(Caption-style text data)
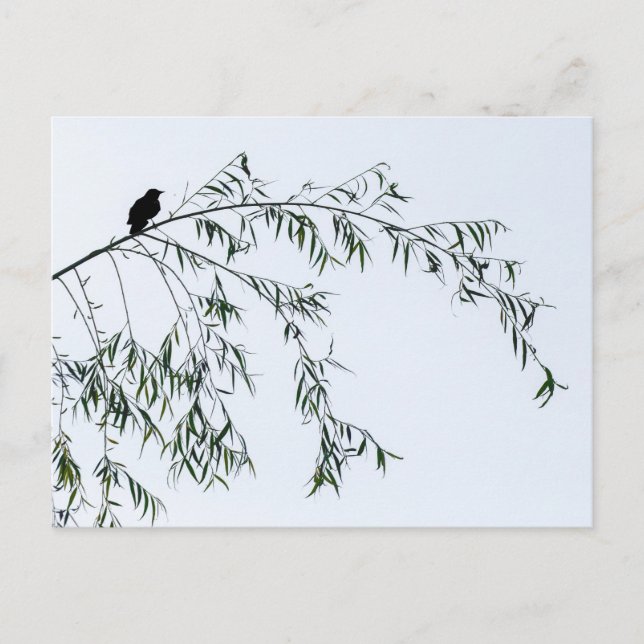 Blackbird On Willow Vykort (Framsida)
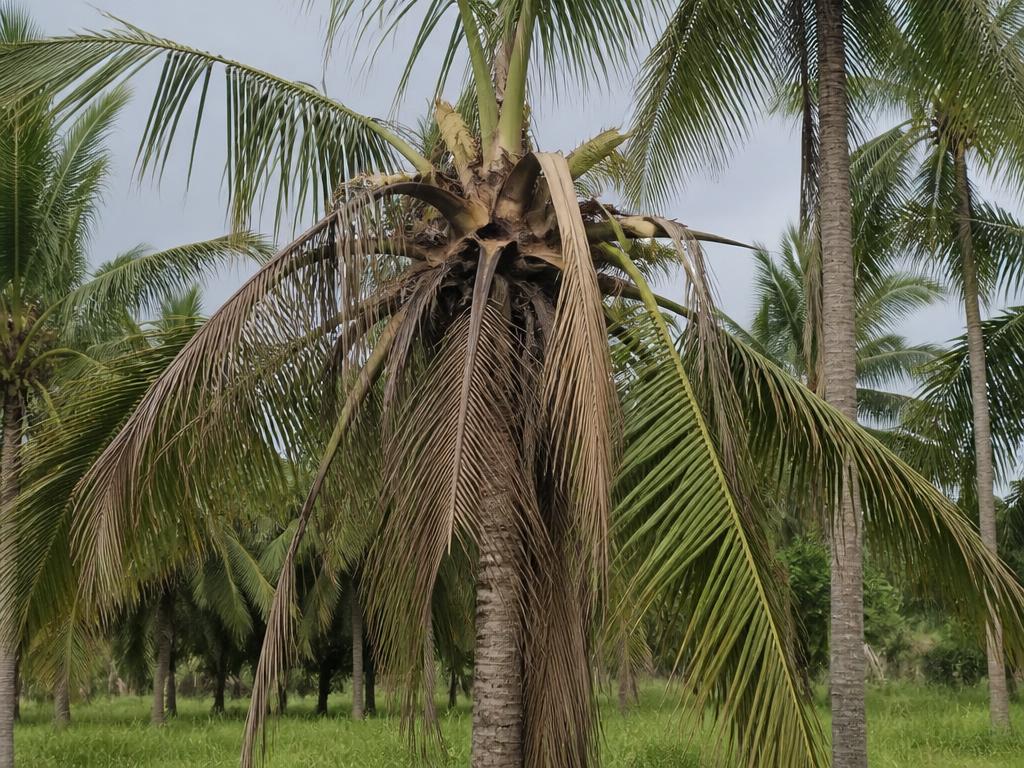 Red Palm Weevil — Central fronds wilting and crown collapsing.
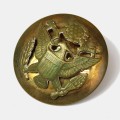 US cap badge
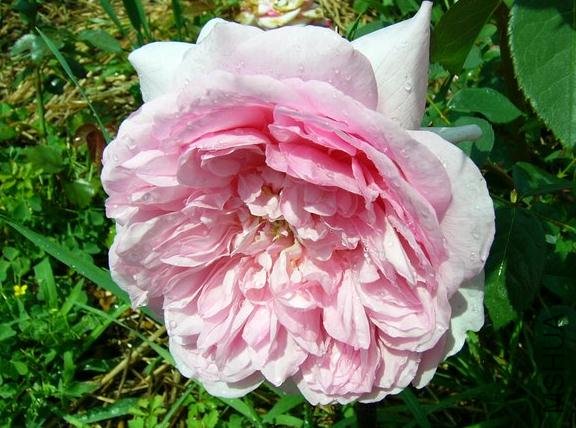 ����������� (3).jpg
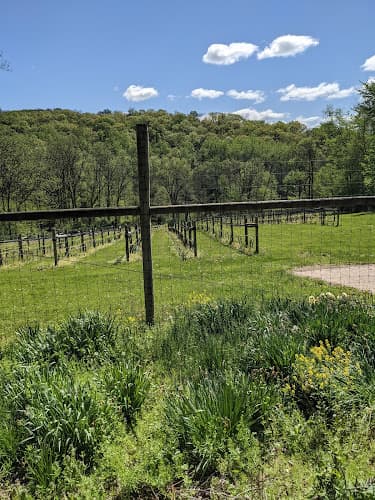 Maple Springs Vineyard Logo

What you will do:
Copy the data exactly. Pictures do not belong in the copy.

Result of this exercise:
 Blackbird On Willow Vykort (Framsida)
 Red Palm Weevil — Central fronds wilting and crown collapsing.
 US cap badge
 ����������� (3).jpg
 Maple Springs Vineyard Logo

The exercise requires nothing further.